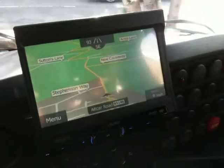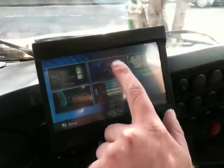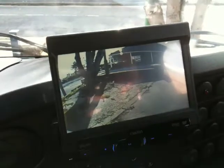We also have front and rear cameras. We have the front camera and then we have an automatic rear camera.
========================
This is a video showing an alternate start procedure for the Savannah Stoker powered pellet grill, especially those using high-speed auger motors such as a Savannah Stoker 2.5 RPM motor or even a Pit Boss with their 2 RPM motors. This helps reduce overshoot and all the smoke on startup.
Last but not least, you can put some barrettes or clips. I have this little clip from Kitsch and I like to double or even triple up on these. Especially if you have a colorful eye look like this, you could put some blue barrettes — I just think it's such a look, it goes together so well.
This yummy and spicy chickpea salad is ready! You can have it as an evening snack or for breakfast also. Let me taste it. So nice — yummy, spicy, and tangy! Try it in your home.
========================
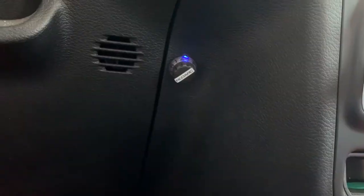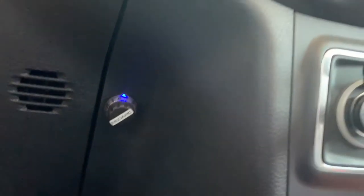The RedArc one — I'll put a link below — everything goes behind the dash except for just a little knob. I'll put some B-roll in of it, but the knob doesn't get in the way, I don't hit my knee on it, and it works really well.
========================
All lines in the listing above from the line containing "This is a video" to the line containing "Last but not", inclusive, should be retyped exactly; no other lines should appear.

This is a video showing an alternate start procedure for the Savannah Stoker powered pellet grill, especially those using high-speed auger motors such as a Savannah Stoker 2.5 RPM motor or even a Pit Boss with their 2 RPM motors. This helps reduce overshoot and all the smoke on startup.
Last but not least, you can put some barrettes or clips. I have this little clip from Kitsch and I like to double or even triple up on these. Especially if you have a colorful eye look like this, you could put some blue barrettes — I just think it's such a look, it goes together so well.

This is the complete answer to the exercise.